What needs to be done
Keep only the lines from the start of the data through the line containing "1011 W 48th St #8 Miami Beach, FL 33140 1011", and output them exactly.

Provided records
=== Section Start ===

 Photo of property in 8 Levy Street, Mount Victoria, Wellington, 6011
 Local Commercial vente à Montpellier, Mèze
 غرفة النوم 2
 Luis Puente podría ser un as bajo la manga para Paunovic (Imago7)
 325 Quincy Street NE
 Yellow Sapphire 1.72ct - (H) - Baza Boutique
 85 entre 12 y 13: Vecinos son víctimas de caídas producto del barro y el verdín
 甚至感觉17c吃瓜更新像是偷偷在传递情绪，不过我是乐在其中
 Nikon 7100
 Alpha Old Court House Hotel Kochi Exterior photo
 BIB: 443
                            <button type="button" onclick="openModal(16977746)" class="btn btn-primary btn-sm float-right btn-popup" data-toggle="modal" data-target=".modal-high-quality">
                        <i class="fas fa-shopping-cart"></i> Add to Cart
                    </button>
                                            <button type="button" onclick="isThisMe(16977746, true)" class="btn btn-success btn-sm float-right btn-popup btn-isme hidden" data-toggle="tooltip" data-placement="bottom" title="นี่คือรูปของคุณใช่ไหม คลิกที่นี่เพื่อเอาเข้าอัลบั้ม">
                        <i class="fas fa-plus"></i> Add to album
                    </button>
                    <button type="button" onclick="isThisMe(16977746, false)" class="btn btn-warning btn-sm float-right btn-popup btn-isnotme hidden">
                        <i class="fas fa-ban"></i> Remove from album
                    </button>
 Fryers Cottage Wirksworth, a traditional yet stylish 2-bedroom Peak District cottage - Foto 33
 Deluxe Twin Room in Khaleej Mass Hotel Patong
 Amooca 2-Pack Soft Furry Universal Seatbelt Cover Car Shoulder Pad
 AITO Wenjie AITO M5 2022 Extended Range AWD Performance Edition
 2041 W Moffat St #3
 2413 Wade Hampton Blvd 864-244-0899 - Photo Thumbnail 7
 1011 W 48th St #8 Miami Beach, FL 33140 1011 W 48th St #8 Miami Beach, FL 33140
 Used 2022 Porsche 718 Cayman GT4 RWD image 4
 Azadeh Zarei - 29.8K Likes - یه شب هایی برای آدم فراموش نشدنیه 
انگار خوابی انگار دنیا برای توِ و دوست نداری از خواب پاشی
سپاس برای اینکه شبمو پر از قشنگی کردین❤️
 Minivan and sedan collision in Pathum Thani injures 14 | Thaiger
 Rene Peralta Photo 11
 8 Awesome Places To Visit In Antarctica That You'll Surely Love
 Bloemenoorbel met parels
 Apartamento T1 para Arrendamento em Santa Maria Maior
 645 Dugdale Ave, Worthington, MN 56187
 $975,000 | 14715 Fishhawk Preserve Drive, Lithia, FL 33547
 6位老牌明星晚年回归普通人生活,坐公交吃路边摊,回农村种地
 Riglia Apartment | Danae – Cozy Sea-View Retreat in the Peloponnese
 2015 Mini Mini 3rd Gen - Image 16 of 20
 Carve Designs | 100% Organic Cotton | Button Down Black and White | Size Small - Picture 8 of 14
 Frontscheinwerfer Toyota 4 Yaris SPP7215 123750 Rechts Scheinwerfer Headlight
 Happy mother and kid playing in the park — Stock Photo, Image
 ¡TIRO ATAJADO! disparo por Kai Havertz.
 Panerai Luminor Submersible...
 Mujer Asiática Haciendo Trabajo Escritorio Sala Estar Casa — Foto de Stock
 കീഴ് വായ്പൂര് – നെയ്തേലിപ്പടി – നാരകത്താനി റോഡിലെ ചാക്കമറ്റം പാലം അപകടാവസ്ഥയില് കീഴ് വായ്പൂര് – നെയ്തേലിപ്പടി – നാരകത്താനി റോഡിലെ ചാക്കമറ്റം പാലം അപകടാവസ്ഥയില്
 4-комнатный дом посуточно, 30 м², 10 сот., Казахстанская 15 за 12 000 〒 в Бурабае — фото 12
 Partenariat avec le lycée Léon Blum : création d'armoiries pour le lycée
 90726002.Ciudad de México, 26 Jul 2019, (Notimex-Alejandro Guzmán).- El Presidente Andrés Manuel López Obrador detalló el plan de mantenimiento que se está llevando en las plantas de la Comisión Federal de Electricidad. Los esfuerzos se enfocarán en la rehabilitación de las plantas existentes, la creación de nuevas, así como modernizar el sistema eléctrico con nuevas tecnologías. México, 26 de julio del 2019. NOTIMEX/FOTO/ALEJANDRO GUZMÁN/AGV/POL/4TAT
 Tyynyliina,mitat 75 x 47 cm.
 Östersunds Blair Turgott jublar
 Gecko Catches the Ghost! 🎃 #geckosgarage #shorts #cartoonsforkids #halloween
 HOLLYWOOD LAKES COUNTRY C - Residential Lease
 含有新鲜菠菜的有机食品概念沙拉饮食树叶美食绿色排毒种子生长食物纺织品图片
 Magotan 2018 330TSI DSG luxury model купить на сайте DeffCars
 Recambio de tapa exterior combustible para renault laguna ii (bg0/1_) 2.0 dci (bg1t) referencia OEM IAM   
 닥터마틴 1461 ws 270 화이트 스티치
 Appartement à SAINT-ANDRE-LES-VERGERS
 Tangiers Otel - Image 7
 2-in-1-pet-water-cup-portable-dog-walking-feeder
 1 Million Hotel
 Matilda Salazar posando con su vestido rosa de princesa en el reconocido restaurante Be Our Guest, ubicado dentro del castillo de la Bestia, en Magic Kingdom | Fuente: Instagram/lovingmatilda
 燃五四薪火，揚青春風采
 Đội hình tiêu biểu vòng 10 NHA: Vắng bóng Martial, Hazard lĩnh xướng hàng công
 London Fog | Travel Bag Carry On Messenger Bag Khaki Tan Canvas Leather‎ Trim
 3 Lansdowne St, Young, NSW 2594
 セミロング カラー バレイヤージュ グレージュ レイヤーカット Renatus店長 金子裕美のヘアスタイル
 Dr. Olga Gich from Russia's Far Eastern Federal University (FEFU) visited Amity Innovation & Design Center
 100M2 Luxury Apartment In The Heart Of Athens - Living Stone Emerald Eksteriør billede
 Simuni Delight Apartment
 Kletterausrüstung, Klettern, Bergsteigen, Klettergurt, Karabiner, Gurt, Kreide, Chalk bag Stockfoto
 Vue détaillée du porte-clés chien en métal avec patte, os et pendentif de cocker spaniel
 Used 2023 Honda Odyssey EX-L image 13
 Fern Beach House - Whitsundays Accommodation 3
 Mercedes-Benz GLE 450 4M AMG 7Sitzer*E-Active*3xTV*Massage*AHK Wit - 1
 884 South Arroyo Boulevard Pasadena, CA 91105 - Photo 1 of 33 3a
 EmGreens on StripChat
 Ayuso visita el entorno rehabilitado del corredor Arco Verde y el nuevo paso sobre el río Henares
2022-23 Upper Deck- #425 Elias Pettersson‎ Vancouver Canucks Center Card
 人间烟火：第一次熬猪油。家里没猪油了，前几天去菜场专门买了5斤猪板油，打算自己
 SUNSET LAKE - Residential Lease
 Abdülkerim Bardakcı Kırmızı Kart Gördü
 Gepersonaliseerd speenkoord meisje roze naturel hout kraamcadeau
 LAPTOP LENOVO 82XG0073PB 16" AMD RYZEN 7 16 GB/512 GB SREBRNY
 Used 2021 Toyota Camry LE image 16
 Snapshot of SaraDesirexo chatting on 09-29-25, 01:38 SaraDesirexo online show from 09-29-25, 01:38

=== Section End ===

Result of this task
 Photo of property in 8 Levy Street, Mount Victoria, Wellington, 6011
 Local Commercial vente à Montpellier, Mèze
 غرفة النوم 2
 Luis Puente podría ser un as bajo la manga para Paunovic (Imago7)
 325 Quincy Street NE
 Yellow Sapphire 1.72ct - (H) - Baza Boutique
 85 entre 12 y 13: Vecinos son víctimas de caídas producto del barro y el verdín
 甚至感觉17c吃瓜更新像是偷偷在传递情绪，不过我是乐在其中
 Nikon 7100
 Alpha Old Court House Hotel Kochi Exterior photo
 BIB: 443
                            <button type="button" onclick="openModal(16977746)" class="btn btn-primary btn-sm float-right btn-popup" data-toggle="modal" data-target=".modal-high-quality">
                        <i class="fas fa-shopping-cart"></i> Add to Cart
                    </button>
                                            <button type="button" onclick="isThisMe(16977746, true)" class="btn btn-success btn-sm float-right btn-popup btn-isme hidden" data-toggle="tooltip" data-placement="bottom" title="นี่คือรูปของคุณใช่ไหม คลิกที่นี่เพื่อเอาเข้าอัลบั้ม">
                        <i class="fas fa-plus"></i> Add to album
                    </button>
                    <button type="button" onclick="isThisMe(16977746, false)" class="btn btn-warning btn-sm float-right btn-popup btn-isnotme hidden">
                        <i class="fas fa-ban"></i> Remove from album
                    </button>
 Fryers Cottage Wirksworth, a traditional yet stylish 2-bedroom Peak District cottage - Foto 33
 Deluxe Twin Room in Khaleej Mass Hotel Patong
 Amooca 2-Pack Soft Furry Universal Seatbelt Cover Car Shoulder Pad
 AITO Wenjie AITO M5 2022 Extended Range AWD Performance Edition
 2041 W Moffat St #3
 2413 Wade Hampton Blvd 864-244-0899 - Photo Thumbnail 7
 1011 W 48th St #8 Miami Beach, FL 33140 1011 W 48th St #8 Miami Beach, FL 33140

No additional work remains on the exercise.